- Problem details -
A verbatim transcript of the data below is required, images omitted.

- Data shown -
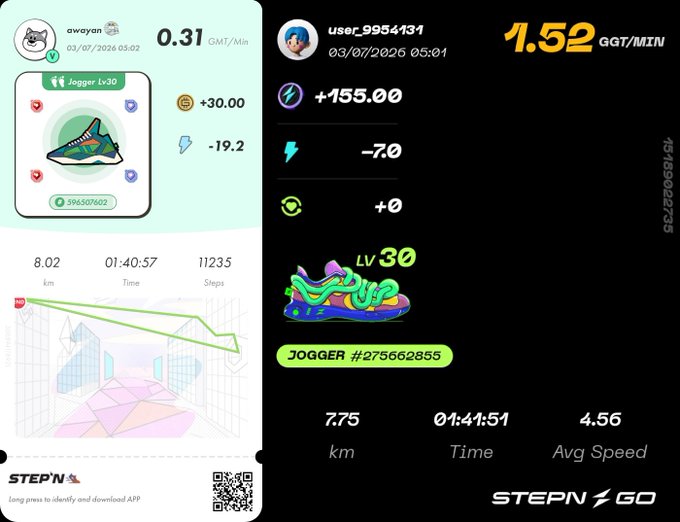 STEP'N app screenshots showing user awayan with Jogger Lv30 earning 0.31 GMT/Min (8.02 km, 1:40:57, 11,235 steps), alongside user.9954131's Jogger #275662855 (Lv 30) earning 1.52 QGT/Min with +155.00 efficiency.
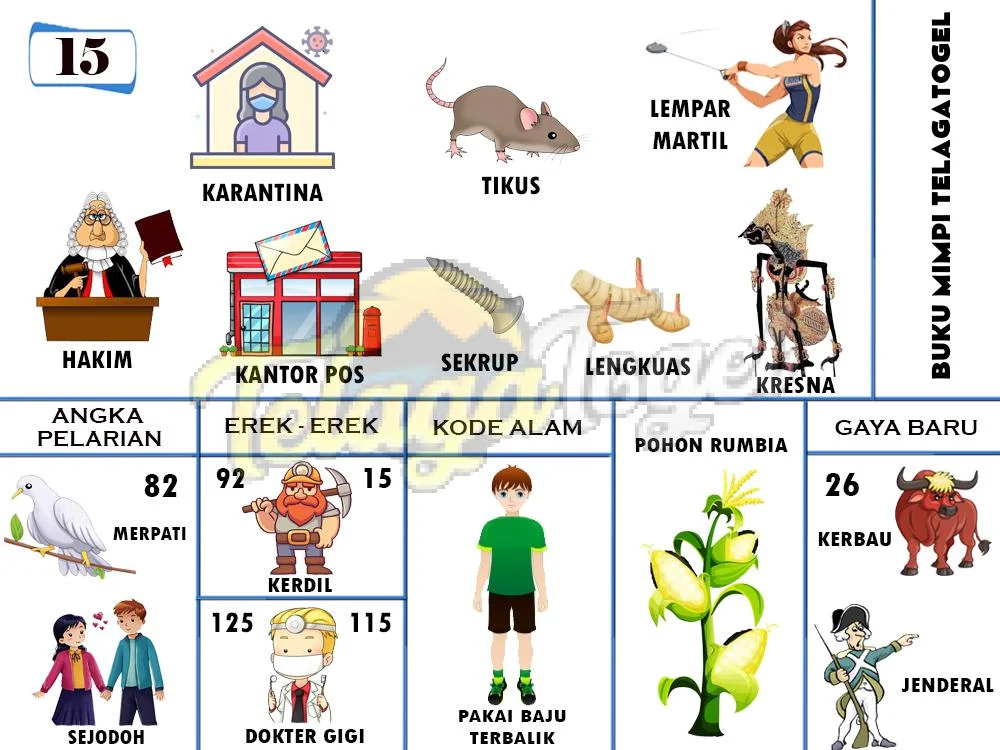 buku mimpi erek erek togel 15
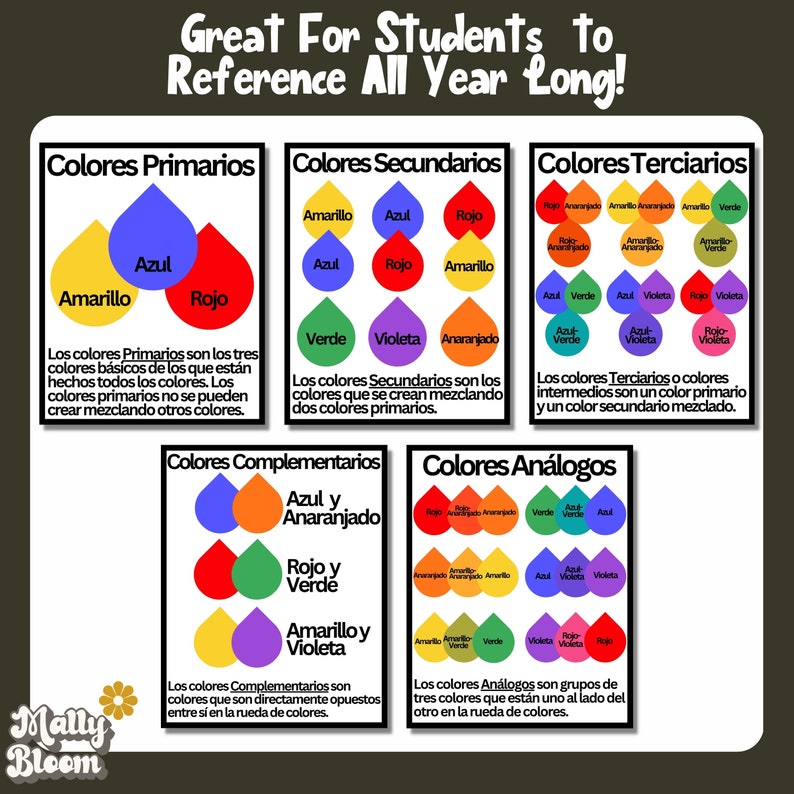 Color Wheel Poster, Art Classroom Decor, Color Wheel Printable, Color ...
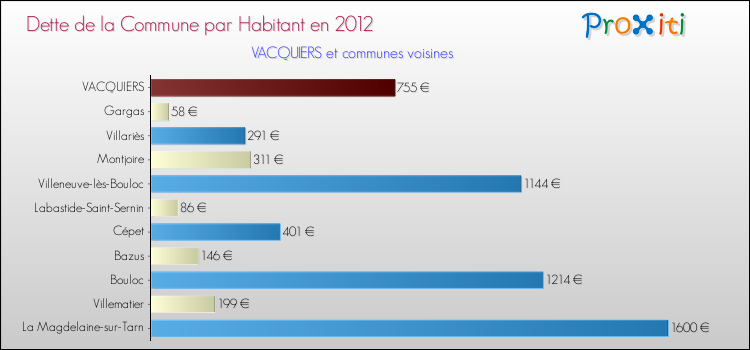 Dette par habitant de la commune en 2012 pour VACQUIERS et les communes proches Comparaison de la dette par habitant de la commune en 2012 pour VACQUIERS et les communes voisines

- Finished task -
 STEP'N app screenshots showing user awayan with Jogger Lv30 earning 0.31 GMT/Min (8.02 km, 1:40:57, 11,235 steps), alongside user.9954131's Jogger #275662855 (Lv 30) earning 1.52 QGT/Min with +155.00 efficiency.
 buku mimpi erek erek togel 15
 Color Wheel Poster, Art Classroom Decor, Color Wheel Printable, Color ...
 Dette par habitant de la commune en 2012 pour VACQUIERS et les communes proches Comparaison de la dette par habitant de la commune en 2012 pour VACQUIERS et les communes voisines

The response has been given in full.